I know that lots of people read ‘One Day’ and couldn’t quite champion the romance aspect, because Emma Morley and Dexter Mayhew were often prickly characters and not very easy to like. Those same people will probably struggle with ‘Us’ too; as Douglas, Connie and Albie are all hard to swallow at times. But that’s half the appeal of Nicholls, for me anyway – it’s not just that he writes flawed characters, but that he writes them with such uncomfortable aplomb. If you can’t see your own flaws in them, then they’ll at least remind you of what you so dislike about other people in your life … Though, having said that and for all his flaws, there’s something charming about Douglas. I was going to write ‘pathetically charming’ but it’s not even that – he is so downtrodden and beaten in this book, but that he champions his own marriage and family is kind of remarkable, even when faced with such devastating odds;
A great deal of stress is placed on the importance of humour in the modern relationship. Everything will be all right, we are led to believe, as long as you can make each other laugh, rendering a successful marriage as, in effect, fifty years of improv.
While reading this I did also think that Douglas Petersen has something of the Don Tillman to him (the Asperger's hero of Graeme Simsion’s own publishing phenomenon ‘Rosie Project’ and this year’s ‘Rosie Effect’). Douglas and Don are the men of science in love with carefree wives Connie and Rosie, and I can imagine that if Rosie threw down a divorce gauntlet, Don would pick it up in much the methodical, calculated way that Douglas does … but at the same time, I think ‘Us’ has more in common with Rainbow Rowell’s 2014 novel ‘Landline’. Both are about marriage-in-crisis, and begin at a crossroads in the very real possibility of separation. Rowell and Nicholls also employ similar flashback techniques, though with varying success – for Douglas, recounting his and Connie’s life together is all part of gathering the facts and empirical evidence of happier times and also trying to pinpoint where it all started to go wrong. In ‘Landline’, protagonist Georgie discovers an old rotary phone that allows her to dial her husband (before he became her husband) in the past – reliving a happier time in their courtship. I wasn’t a huge fan of ‘Landline’, and found the recounting of a marriage in strife to be quite dull … Nicholls, for his telling this tale from the perspective of stick-in-the-mud husband whose battle changes to being more about connecting with his son, was far more interesting to me.
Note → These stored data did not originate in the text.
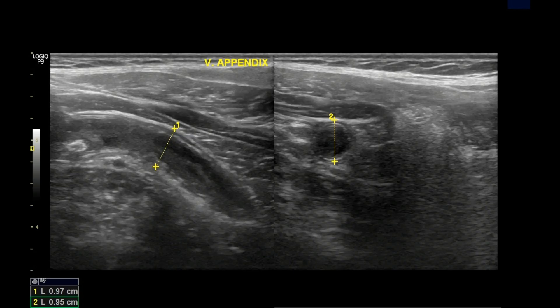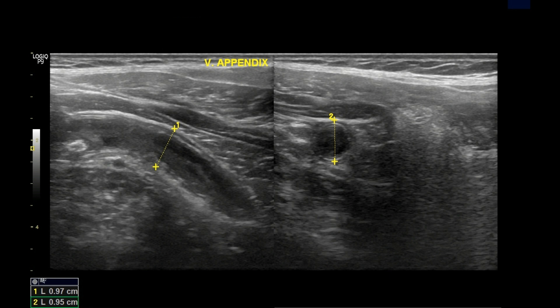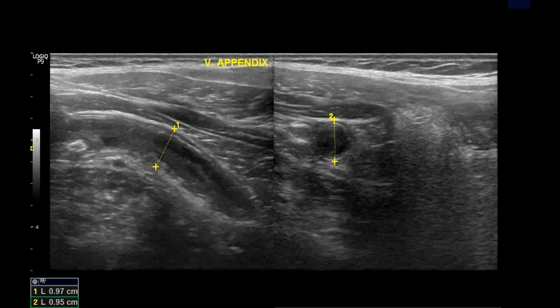This is the picture of the inflamed appendix. This echogenic structure is the appendicolith. This hypoechoic area is the luminal debris. This is the outline of the appendix.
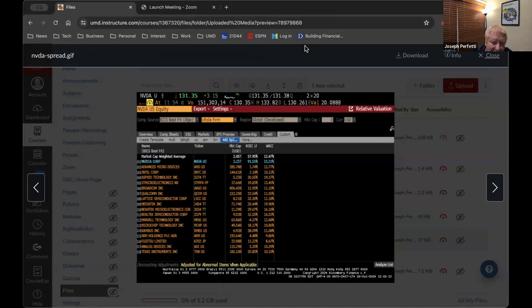Let's talk about competitive advantage. Clearly NVIDIA has a competitive advantage because their relative spread is higher than the industry — ROIC of 91 against WACC of 13, versus the industry's 58 against 12.5. So why does NVIDIA have a competitive advantage? What drives their moat?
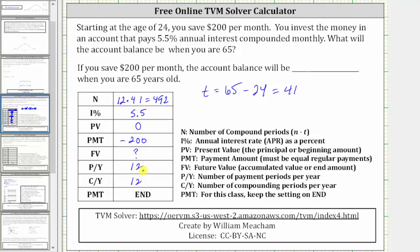Sometimes they won't mention how the interest is compounded, but we always assume it's the same as how often the payments or deposits are made, which in this case is monthly. And again, at the bottom we always set the payment to end, meaning the payment is made at the end of each compounding period.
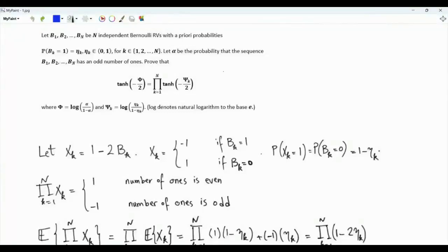Bismillah ar-Rahman ar-Rahim. This video is about the tanh rule, which is relevant for instance to low density parity check codes.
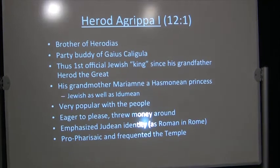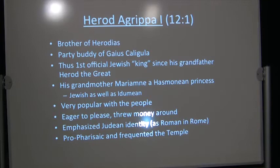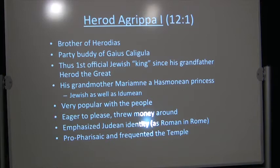Now the persecution is becoming really serious. Herod Agrippa I is the first Jewish king since Herod the Great. Because he was friends with the emperor in Rome, he is allowed to be king. And this is from 41 to 44 where he's allowed to be king in Judea.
‘Us’ does read like a coming-of-age novel, even though Douglas is 54-years-old when he starts having these cataclysmic revelations about his wife and life. And the book is a bit like reading a car crash in slow motion, as readers reach the inevitable conclusion far quicker and easier than Douglas ever does. But for all that this is a sad subject to be exploring (and a somewhat pedestrian one – how many marriage end in divorce now, and late-in-life divorce is also on the rise) it didn’t feel like a sad book. I laughed so much while reading, and I admired Douglas as a quiet everyday-hero who is doing something so ordinarily admirable in his life. I loved that this is really more a father-son relationship book, and that it felt like the resounding BOOM! of echoes from Nicholl’s ‘One Day’, and even ‘Starter For Ten’ which explored the absence of a father in protagonist Brian Jackson’s life.
I love David Nicholls, I’ve missed him and am quietly thrilled that despite a five-year absence, I count his triumphant return to bookshelves as a favourite of 2014.